August 21, 2012 2:30pm
You wouldn't want to find yourself in your 50s, broke and without retirement savings. As time flies by very quickly, it's never too early to plan for retirement. You can actually start saving for your retirement even when you're still in your 20s.
 
According to the financial site Money MSN, planning for retirement isn’t a "walk in the park" because for many people, debts are high while income is low.
 
Money MSN gave some tips on how one who is living on or near the edge can slowly battle his way to financial freedom:
 
(1) Start early.
 
If you are in your twenties, time is on your side if you decide to plan for retirement.
 
Financial independence will not be merely a dream if you begin saving money early and start building the foundations of your financial empire.
 
Tip: Starting early is the formula to an early finish.
 
(2) Try long-term savings.
 
If you are 25 years old and you start saving P2,000 a month for 40 years, you will have almost P1,000,000 by the time you are 65 years old. 
 
This may not seem an easy thing to do as it requires discipline. However, once you’ve gotten the knack of saving first before spending, this will be a breeze.
 
Tip: Save up an amount each year that you can commit to. Think of setting aside something that will not hurt your budget for your basic necessities.  
 
(3) Live within your means.
 
Just because you were promoted or your paycheck was doubled doesn’t mean that you automatically have to change your lifestyle.
 
Live simply, making sure that all your basic necessities are covered.
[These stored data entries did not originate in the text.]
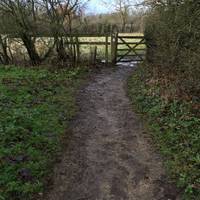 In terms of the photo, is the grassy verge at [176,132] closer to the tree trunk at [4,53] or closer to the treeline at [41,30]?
the treeline at [41,30]

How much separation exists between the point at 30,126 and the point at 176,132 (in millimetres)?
3611

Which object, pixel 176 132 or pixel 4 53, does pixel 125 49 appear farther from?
pixel 176 132

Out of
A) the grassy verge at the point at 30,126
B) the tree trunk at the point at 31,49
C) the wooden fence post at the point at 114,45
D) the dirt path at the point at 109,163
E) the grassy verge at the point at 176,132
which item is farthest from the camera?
the wooden fence post at the point at 114,45

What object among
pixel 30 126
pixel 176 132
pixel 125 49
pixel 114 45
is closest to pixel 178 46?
pixel 176 132

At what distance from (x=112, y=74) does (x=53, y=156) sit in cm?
979

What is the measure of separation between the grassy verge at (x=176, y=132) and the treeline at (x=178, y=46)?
63 centimetres

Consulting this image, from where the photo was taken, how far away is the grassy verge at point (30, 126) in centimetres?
561

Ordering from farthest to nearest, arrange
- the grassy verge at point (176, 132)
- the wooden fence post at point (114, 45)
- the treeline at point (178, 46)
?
1. the wooden fence post at point (114, 45)
2. the treeline at point (178, 46)
3. the grassy verge at point (176, 132)

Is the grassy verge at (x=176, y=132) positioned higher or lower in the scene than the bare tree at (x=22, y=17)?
lower

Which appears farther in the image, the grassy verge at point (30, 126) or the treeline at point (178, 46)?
the treeline at point (178, 46)

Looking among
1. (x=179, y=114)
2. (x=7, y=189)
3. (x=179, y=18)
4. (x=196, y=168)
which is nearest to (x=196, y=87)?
(x=179, y=114)

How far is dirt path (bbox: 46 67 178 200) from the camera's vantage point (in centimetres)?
546

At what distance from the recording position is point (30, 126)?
311 inches

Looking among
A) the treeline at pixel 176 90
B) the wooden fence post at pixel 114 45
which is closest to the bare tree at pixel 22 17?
the wooden fence post at pixel 114 45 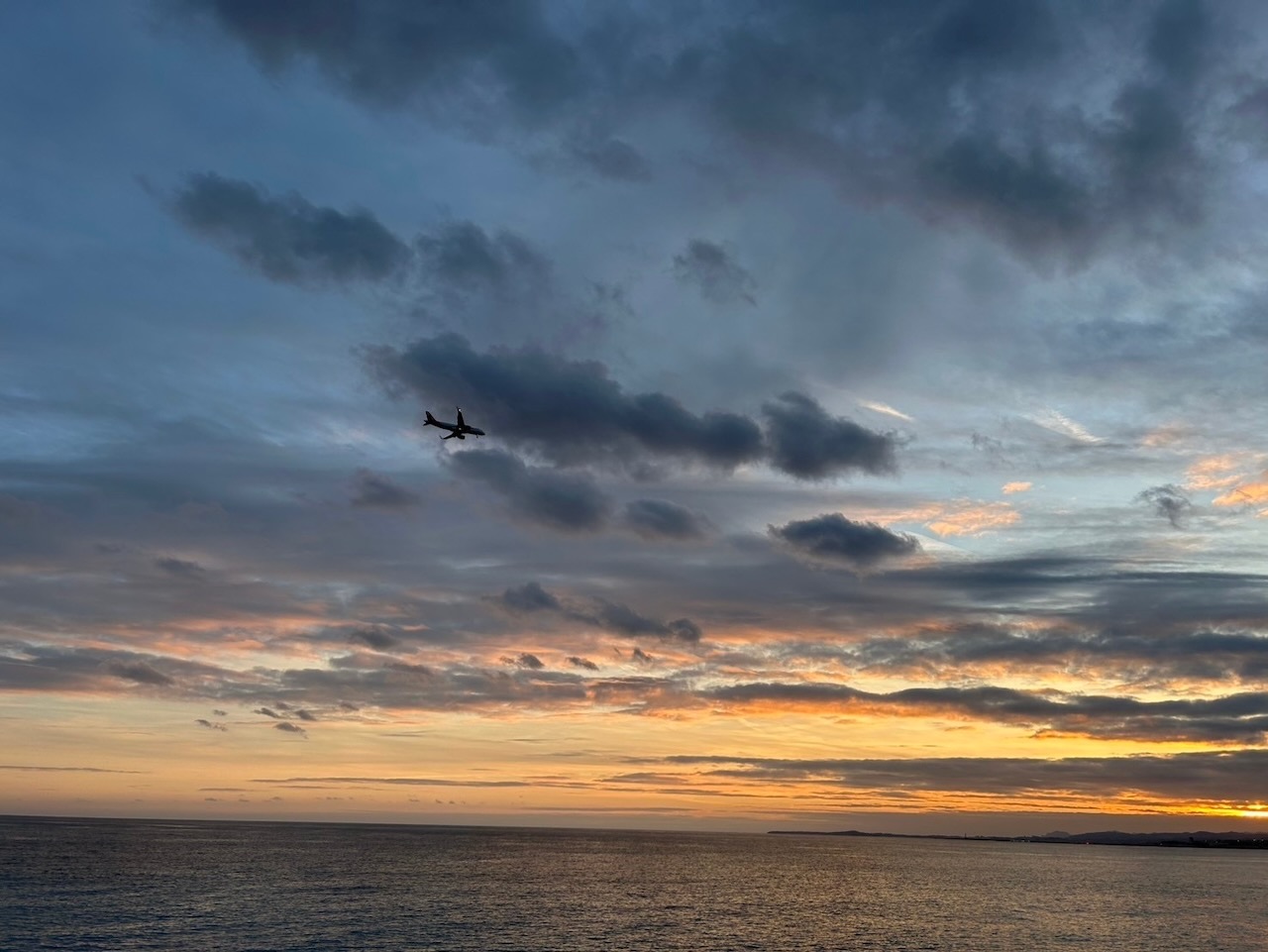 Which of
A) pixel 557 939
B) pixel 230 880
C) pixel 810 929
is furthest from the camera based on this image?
pixel 230 880

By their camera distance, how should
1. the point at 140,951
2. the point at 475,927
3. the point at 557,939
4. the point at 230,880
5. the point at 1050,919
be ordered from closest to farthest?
1. the point at 140,951
2. the point at 557,939
3. the point at 475,927
4. the point at 1050,919
5. the point at 230,880

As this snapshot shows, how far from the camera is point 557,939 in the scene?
117 metres

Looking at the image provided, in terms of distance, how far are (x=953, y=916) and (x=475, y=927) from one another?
251 feet

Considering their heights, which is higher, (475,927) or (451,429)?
(451,429)

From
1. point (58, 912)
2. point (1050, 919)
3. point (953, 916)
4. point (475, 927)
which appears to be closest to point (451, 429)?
point (475, 927)

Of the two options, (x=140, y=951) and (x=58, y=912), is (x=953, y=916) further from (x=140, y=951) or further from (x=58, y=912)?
(x=58, y=912)

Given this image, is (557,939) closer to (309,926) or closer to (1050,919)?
(309,926)

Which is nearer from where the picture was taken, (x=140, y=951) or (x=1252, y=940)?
(x=140, y=951)

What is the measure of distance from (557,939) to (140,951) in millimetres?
43985

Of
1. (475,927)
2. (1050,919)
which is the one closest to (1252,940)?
(1050,919)

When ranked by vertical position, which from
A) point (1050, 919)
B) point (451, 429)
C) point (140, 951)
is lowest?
point (1050, 919)

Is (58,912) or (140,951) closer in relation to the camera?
(140,951)

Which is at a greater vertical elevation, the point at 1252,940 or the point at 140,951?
the point at 140,951

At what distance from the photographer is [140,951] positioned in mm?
102375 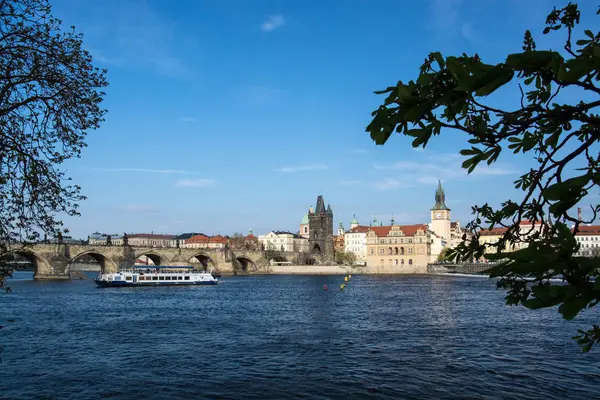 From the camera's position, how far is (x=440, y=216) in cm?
15875

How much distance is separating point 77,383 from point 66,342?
9.14 metres

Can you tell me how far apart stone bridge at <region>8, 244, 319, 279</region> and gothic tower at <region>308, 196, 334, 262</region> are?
556 centimetres

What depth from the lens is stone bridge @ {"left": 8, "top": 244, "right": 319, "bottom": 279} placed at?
288ft

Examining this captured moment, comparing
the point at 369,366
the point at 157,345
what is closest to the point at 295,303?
the point at 157,345

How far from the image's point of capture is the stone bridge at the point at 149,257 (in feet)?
288

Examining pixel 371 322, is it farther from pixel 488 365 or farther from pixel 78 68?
pixel 78 68

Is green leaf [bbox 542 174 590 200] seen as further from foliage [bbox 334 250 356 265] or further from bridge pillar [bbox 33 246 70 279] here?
foliage [bbox 334 250 356 265]

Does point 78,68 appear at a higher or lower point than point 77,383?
higher

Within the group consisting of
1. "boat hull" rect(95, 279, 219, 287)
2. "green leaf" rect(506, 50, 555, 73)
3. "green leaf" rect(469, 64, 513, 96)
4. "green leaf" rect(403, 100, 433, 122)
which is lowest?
"boat hull" rect(95, 279, 219, 287)

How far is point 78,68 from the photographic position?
1105 cm

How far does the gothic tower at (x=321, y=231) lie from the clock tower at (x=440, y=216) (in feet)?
Answer: 110

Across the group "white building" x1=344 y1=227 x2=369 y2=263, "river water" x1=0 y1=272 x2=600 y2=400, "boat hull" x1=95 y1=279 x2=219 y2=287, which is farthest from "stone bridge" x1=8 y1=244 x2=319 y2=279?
"river water" x1=0 y1=272 x2=600 y2=400

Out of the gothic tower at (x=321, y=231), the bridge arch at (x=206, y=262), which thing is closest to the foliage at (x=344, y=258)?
the gothic tower at (x=321, y=231)

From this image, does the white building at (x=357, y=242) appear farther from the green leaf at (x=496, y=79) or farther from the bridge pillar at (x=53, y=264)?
the green leaf at (x=496, y=79)
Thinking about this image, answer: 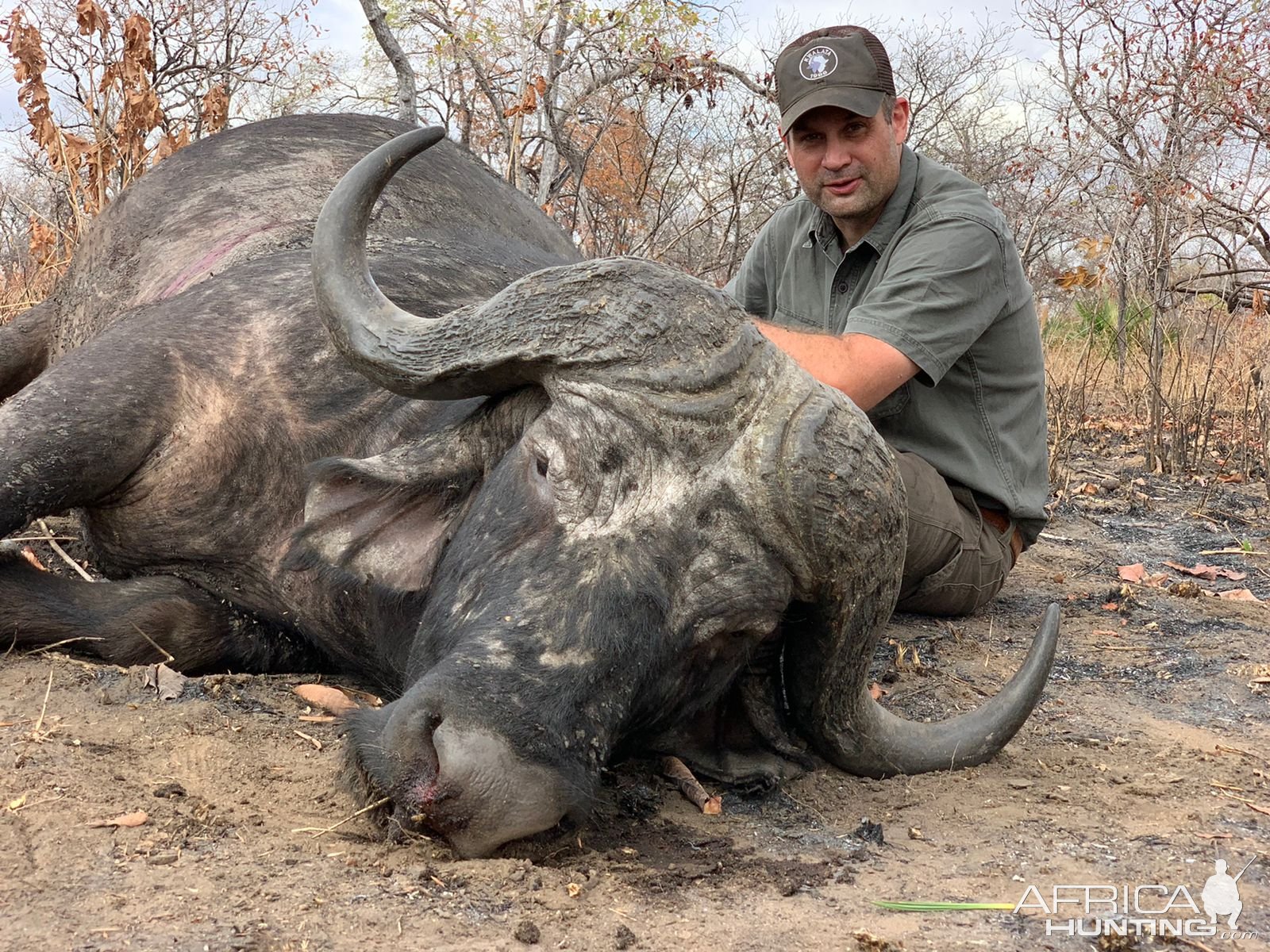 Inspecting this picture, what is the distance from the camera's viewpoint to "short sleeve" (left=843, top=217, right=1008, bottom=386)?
12.5 ft

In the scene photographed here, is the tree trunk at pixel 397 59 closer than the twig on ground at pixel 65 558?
No

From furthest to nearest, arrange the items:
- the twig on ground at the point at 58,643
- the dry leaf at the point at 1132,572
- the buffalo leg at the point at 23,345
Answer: the buffalo leg at the point at 23,345 < the dry leaf at the point at 1132,572 < the twig on ground at the point at 58,643

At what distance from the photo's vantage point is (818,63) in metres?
4.32

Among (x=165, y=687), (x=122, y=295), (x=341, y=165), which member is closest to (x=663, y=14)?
(x=341, y=165)

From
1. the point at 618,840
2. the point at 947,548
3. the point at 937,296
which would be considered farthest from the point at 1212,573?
the point at 618,840

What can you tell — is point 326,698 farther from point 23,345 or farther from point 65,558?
point 23,345

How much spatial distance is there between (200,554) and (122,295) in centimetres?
171

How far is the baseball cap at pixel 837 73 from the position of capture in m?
4.28

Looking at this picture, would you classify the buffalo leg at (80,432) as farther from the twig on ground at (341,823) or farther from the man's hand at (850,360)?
the man's hand at (850,360)

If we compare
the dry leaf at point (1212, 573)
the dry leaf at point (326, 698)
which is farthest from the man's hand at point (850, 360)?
the dry leaf at point (1212, 573)

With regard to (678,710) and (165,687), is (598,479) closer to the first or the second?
(678,710)

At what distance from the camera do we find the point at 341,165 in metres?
5.01

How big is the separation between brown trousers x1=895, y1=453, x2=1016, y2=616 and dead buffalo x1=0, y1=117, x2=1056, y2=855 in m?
1.16

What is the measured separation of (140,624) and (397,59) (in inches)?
200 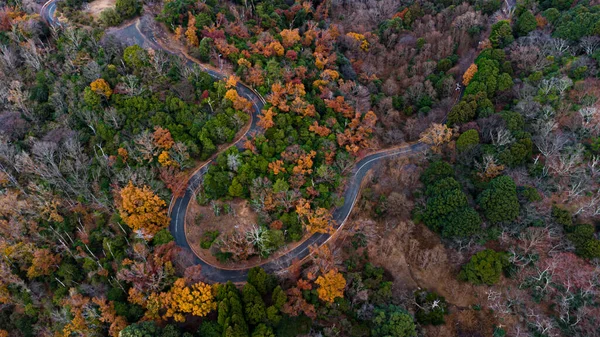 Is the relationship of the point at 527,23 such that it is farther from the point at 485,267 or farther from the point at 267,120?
the point at 267,120

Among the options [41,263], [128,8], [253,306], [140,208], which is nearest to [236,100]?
[140,208]

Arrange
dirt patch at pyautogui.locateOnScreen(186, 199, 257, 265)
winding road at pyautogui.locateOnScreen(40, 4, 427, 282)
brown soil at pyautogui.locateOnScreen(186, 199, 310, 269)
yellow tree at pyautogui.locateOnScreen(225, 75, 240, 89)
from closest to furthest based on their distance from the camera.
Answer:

Don’t spend your money on things you won’t have any need for later on.
 
Tip: Be wary of your money and how you spend it. Assess first before buying something whether it will be worth it in the long run.
 
(4)  Get health insurance.
 
You never know when you might be involved in an accident or contract an illness.

Getting a health insurance is thus a smart move especially if you don’t have a big emergency fund.
 
A health insurance will give you a peace of mind as it covers a lot of "unforseen events."
 
Tip: If you only have a little amount left for savings every payday, it would be practical to spend it on health insurance.
 
 
(5) Keep putting money into your retirement fund.
 
If saved more for the month and you don’t have anything particular to spend it on, just add it to your savings.
 
Doing so may not seem much but in the long run these small amounts will add up. This habit might even allow you to retire earlier than planned.
 
Tip: You can try alternative methods like getting a 50 percent cut from the extra earnings instead of putting it all into your savings. This way, you can still spend on simple pleasures life has to offer.
 
 
(6) Roll the dice.
 
Being young has many advantages, such as having some "leeway" for mistakes.
 
Try the stock market instead of putting all your savings into your retirement funds. You might just find yourself retiring way ahead of schedule.
 
Tip: If you’ve been “rolling the dice” for too long without fruitful results, it’s time to quit the slot machine and go back to the retirement savings plan. 
 
(7) Be strategic with debts.
 
Make sure that you steer clear from debts especially those which make you pay interest.
 
The interest you pay for your debt is money wasted and will only hurt your path to a planned retirement.
 
Tip: Prioritize paying off debts that have the biggest interests. Once you have dealt with these debts then you can start focusing and reprioritizing your other debts.
 
(8) Pay attention to your credit scores.
 
A high credit score means you’ll have less of a headache with your financial life.
 
Not only will you pay lower interest rates and be easily approved for loans, this also leaves more money for your savings.
 
Tip: Pay your bills on time and use credit only when needed.